Chris y ella corrieron hasta la puerta y miraron el evento. A mí me pareció una tontería y mejor me fui a llenar los estantes.  

     Listo.
     Varias Hayley Williams me miraban desde abajo, con el maquillaje perfecto y el cabello brillante. Se veía tan hermosa que sus tetas, con todo lo que significan y representan, pasaron a segundo o tercer plano.

     Chris y Lucía seguían observando la pelea. Me dio un poco de risa verlos abrasados, como si compartieran algo hermoso. El ruido de los golpes y alaridos no eran preocupantes, pero la curiosidad me picó y me uní a ellos, llevando mis manos a sus hombros. Era un gordo seboso con el cabello hecho un desastre y un tipo alto con una camisa verde que se daban de putazos. Tenían público a su alrededor. Los empleados de la gasolinera también estaban allí. Puro chismorreo. Me sentí poca cosa.
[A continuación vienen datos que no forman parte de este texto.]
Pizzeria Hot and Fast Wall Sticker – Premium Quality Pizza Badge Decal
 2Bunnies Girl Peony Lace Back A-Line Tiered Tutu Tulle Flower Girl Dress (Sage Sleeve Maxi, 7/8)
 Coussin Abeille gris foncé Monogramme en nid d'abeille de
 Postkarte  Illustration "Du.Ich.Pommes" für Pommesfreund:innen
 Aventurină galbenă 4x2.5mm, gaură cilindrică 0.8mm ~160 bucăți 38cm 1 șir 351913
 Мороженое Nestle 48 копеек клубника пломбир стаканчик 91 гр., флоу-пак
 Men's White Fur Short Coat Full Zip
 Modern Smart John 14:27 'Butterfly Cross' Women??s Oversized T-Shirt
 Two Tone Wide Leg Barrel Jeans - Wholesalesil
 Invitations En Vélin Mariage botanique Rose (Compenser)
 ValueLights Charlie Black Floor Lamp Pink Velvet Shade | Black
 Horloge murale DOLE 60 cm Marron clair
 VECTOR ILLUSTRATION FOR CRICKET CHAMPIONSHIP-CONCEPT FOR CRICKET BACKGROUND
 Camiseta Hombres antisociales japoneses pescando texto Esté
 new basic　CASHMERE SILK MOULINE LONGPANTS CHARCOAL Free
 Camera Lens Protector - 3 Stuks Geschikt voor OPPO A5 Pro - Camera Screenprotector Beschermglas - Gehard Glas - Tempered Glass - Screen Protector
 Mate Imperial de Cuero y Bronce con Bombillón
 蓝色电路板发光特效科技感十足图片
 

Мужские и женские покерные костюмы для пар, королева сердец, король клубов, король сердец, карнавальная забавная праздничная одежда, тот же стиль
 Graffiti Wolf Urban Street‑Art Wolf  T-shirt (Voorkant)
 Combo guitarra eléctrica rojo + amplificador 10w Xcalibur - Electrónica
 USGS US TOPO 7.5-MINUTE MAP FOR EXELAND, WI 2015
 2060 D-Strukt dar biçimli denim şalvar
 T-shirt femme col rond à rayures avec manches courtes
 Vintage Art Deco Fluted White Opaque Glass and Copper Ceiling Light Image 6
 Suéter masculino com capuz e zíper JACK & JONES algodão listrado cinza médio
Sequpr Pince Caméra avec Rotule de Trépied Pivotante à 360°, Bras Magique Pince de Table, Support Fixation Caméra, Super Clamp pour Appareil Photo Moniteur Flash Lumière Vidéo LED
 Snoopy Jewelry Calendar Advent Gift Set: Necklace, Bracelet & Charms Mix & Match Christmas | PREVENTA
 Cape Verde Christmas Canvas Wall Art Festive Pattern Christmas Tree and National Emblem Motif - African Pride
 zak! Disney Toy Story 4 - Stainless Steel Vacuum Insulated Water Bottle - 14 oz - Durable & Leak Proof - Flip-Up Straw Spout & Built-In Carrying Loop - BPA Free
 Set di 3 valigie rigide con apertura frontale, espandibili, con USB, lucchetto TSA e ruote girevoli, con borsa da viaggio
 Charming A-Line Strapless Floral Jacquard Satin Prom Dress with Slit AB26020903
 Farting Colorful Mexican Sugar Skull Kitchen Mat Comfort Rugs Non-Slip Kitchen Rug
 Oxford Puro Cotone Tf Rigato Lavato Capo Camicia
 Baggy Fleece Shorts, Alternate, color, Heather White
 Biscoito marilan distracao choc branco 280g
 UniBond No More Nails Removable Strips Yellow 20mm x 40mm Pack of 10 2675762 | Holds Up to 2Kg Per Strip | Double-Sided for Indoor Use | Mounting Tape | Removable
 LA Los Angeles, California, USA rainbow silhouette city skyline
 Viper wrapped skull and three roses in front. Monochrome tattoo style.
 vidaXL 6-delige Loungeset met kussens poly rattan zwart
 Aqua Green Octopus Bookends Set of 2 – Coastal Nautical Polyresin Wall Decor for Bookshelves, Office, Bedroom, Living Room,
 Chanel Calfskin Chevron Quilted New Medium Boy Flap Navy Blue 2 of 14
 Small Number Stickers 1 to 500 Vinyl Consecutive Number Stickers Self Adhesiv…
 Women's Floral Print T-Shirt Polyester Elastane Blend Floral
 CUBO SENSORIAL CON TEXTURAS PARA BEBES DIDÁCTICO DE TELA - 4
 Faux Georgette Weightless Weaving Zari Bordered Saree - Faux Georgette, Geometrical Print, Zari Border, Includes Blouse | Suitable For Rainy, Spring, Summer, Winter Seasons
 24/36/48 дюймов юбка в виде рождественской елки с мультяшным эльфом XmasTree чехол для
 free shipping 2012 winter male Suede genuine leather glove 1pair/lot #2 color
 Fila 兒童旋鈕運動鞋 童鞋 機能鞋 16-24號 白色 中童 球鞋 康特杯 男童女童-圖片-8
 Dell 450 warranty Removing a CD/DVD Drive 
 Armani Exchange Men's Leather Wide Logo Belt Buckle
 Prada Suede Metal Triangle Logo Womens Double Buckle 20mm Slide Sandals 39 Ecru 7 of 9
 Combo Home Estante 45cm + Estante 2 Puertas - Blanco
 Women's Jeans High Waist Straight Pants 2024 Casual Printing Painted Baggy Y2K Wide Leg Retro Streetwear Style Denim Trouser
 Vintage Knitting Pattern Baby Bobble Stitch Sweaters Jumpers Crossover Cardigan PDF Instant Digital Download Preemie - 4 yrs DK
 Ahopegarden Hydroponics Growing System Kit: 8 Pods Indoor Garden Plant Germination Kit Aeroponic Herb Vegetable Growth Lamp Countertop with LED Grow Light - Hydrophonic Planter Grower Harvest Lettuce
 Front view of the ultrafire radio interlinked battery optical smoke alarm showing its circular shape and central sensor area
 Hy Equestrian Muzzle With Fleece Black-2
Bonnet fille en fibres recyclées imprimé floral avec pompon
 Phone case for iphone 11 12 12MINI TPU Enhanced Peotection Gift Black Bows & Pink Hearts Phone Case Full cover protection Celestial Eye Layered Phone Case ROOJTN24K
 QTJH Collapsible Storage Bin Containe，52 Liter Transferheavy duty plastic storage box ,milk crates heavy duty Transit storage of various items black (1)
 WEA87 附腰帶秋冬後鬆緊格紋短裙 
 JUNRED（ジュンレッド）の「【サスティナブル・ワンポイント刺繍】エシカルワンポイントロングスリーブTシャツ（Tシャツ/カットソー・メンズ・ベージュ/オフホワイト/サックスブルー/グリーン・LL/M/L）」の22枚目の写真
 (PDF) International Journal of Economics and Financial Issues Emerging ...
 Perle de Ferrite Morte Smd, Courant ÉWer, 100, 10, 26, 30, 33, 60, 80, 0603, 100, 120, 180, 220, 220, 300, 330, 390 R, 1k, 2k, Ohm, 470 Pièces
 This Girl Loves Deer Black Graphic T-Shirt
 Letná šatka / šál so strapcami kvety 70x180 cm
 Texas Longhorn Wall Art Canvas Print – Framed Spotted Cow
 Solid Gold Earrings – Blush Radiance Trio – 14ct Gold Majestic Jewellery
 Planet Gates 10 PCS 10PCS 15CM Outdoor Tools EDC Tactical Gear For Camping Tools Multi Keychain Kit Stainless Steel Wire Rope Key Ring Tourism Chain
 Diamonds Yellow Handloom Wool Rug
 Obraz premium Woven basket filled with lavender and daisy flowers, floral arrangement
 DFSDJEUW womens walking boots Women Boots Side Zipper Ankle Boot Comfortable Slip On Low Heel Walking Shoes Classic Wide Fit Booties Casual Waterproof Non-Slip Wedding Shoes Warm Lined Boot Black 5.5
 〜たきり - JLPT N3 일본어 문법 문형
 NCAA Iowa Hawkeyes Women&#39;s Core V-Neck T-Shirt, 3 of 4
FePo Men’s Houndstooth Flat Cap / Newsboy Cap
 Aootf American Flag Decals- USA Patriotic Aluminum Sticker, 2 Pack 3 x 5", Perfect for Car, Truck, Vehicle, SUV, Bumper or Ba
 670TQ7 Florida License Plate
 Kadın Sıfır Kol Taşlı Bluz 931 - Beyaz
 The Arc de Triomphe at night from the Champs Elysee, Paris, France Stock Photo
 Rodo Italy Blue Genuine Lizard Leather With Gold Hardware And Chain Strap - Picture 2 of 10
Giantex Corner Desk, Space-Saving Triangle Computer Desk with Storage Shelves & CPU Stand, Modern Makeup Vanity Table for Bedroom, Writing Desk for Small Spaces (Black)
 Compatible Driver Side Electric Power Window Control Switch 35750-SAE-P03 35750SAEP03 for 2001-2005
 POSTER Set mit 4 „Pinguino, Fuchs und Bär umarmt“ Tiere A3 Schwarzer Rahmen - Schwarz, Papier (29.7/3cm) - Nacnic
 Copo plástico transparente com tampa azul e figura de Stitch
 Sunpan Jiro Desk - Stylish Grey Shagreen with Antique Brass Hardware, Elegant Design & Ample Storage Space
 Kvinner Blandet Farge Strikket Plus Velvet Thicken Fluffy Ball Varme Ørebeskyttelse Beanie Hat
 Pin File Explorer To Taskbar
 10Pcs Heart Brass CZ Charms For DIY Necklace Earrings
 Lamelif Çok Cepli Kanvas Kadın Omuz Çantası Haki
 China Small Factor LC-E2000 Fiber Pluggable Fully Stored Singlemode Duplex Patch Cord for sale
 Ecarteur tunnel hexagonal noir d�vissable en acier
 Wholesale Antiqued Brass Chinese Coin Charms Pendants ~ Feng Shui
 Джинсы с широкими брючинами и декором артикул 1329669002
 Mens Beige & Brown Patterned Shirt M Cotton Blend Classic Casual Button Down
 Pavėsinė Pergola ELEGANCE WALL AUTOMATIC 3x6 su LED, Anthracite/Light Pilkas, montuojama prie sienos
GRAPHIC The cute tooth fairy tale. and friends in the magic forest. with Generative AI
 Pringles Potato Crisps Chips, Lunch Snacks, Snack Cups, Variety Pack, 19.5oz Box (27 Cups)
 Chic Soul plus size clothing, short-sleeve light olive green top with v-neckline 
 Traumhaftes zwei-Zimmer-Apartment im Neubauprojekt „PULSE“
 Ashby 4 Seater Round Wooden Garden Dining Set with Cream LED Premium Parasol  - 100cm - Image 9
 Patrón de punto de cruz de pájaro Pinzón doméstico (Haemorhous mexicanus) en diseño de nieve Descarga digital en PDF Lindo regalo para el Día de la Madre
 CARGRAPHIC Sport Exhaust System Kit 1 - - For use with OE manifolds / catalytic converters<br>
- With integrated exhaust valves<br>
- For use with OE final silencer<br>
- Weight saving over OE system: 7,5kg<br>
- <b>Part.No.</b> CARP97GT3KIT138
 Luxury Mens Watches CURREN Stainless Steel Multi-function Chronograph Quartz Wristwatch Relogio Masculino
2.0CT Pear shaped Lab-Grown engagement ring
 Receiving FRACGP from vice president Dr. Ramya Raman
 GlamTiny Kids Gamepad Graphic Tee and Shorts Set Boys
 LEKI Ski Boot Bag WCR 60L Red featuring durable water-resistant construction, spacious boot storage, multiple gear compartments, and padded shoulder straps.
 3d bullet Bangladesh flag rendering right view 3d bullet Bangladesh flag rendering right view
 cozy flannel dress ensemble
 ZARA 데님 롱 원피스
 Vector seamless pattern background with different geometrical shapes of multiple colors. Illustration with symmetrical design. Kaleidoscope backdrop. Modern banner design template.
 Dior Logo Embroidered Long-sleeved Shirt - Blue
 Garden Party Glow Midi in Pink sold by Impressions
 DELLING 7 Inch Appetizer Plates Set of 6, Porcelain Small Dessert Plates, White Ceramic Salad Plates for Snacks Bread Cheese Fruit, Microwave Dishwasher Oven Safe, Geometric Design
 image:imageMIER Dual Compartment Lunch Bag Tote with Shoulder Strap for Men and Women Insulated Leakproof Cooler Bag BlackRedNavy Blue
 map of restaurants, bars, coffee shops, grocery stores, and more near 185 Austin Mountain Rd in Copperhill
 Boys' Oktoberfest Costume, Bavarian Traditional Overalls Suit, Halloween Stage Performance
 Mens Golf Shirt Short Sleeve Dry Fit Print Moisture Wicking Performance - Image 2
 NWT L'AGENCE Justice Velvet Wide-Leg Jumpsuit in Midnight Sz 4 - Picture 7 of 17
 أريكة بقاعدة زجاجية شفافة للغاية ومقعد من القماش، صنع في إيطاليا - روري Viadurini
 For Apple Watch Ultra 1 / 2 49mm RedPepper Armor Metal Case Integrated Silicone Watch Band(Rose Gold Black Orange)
     Los alenté a que se alejaran de la puerta pero no me hicieron caso.

     Me senté en mi lugar habitual detrás del mostrador y empecé a garabatear algunas cosas en la libreta de distracciones. A veces practicaba mi firma. La practicaba y la practica por días. ¿No sería tristísimo que al final de mi vida no fuera famoso?

     De reojo vi a Chris y Lucía abrazarse de golpe. El sonido de un trueno que estallaba en la mera oreja interrumpió el dibujo de mi firma. Agarré el escritorio con ambas manos y me hundí en él.

     Otro trueno.

     Chris y Lucía gritaban algunas cosas que en ese momento mi cerebro no estaba ni cerca de procesar. Aparecieron a mi lado, agachados tras el mostrador. Las luces del Oxxo se apagaron y permanecimos en la oscuridad por unos momentos. 
     —¿Qué pasó? —Pregunté. 
     —Uno le disparó al gordo —dijo Chris—. Iba ganando y le dispararon. 
     —¿Se murió?

     Ninguno lo sabía.

     Agarré el teléfono que teníamos tras el mostrador y llamé a la policía. Lucía me dijo que probablemente ya lo hubieran hecho, pero me animaba a que lo hiciera de todos modos. 
     Mientras marcaba le dije a Chris que cerrara la puerta con candado. No sabía para qué, en ese momento hablaba el miedo. 
La luz regresaba por instantes y volvía a irse. Pensaba en todas las paletas heladas que se deformarían si la luz continuaba ausente. 

     Lucía había adquirido un tono blancuzco en los cachetes y le vidriaban los ojos. Parecía necesitar palabras de aliento. 
     —Oye, Lucie —le dije—, al menos no fuimos asaltados.